[[ SOURCE INFORMATION open ]]

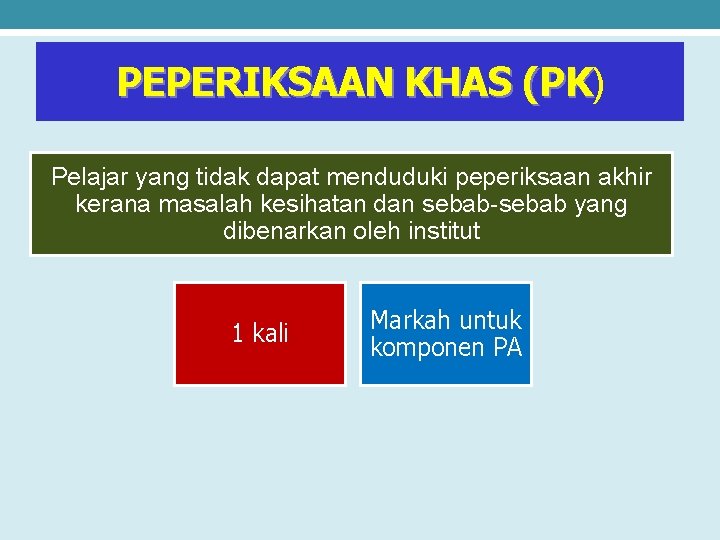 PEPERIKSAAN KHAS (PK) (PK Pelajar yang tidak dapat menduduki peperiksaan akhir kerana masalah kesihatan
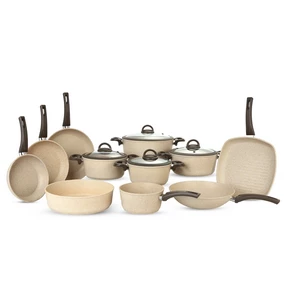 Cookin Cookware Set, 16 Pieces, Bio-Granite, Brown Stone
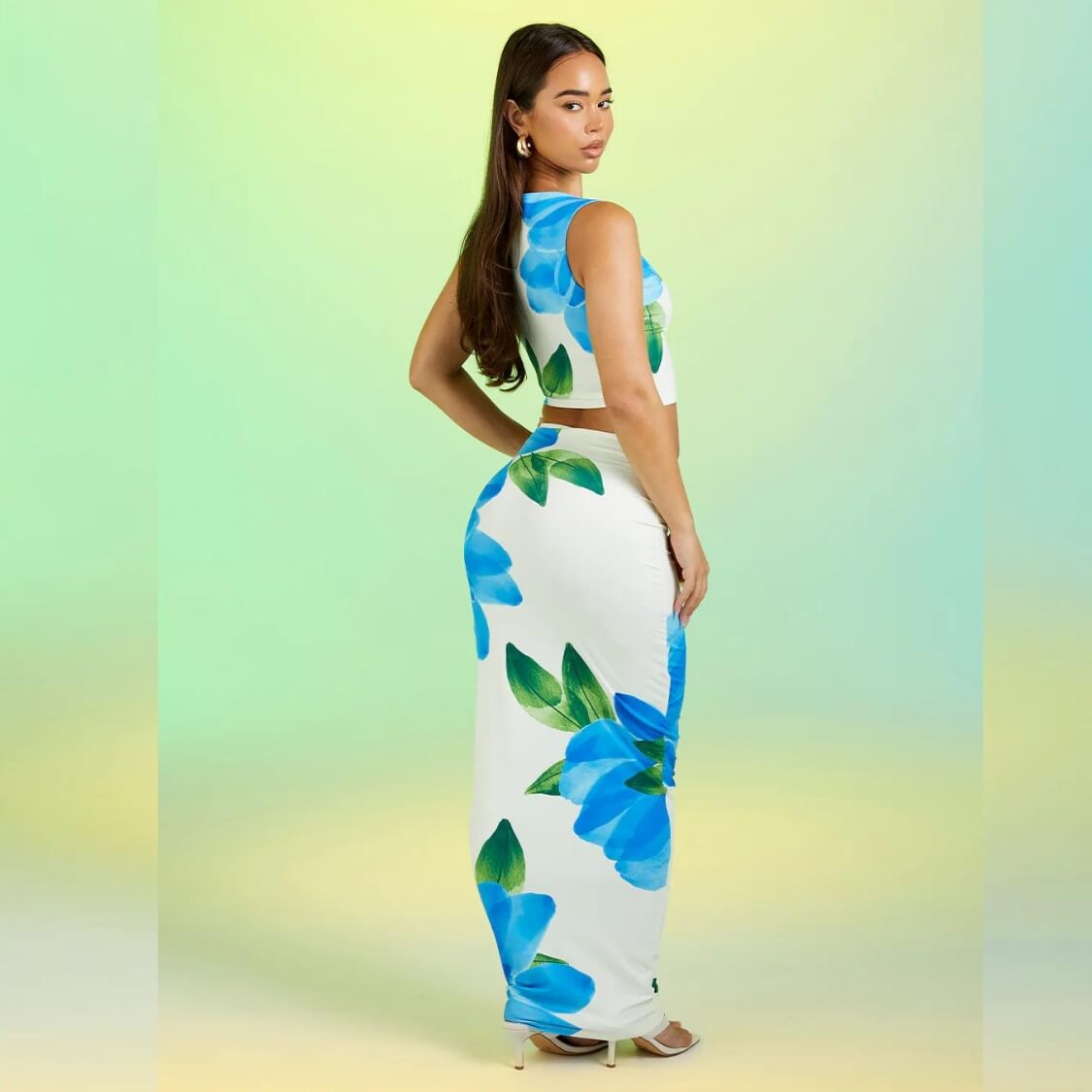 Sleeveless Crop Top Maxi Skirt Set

[[ SOURCE INFORMATION closed ]]
[[ SOURCE INFORMATION open ]]

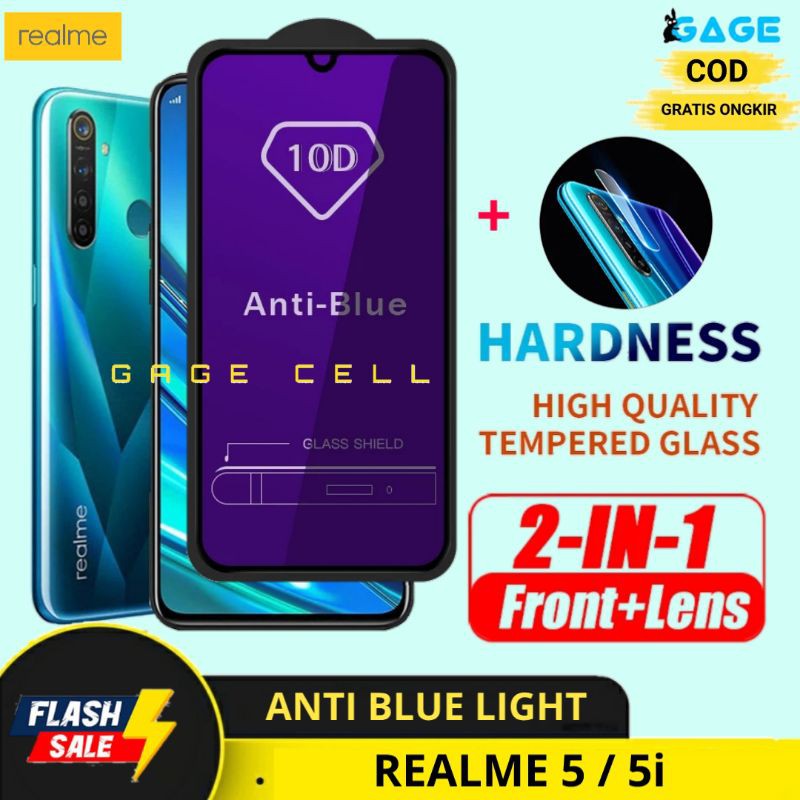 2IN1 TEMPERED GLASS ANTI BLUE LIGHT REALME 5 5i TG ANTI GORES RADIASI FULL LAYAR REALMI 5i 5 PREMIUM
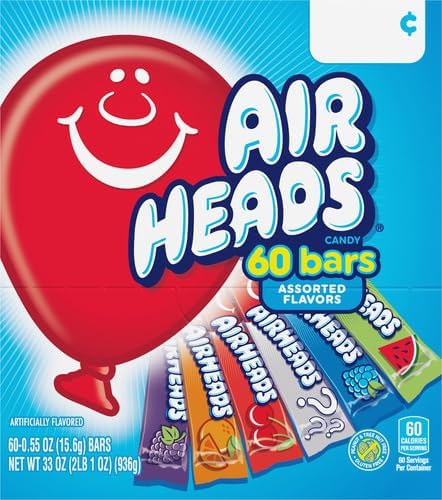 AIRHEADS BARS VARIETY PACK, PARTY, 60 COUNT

[[ SOURCE INFORMATION closed ]]
[[ SOURCE INFORMATION open ]]

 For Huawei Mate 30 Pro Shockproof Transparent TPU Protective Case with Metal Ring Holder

[[ SOURCE INFORMATION closed ]]

■ TASK DIRECTIONS
Each line from the one that contains "Cookin Cookware Set, 16" down to the one that contains "Sleeveless Crop Top Maxi Skirt Set" is to be returned exactly as it stands above, both ends included, with pictures removed.

■ EXERCISE ANSWER
 Cookin Cookware Set, 16 Pieces, Bio-Granite, Brown Stone
 Sleeveless Crop Top Maxi Skirt Set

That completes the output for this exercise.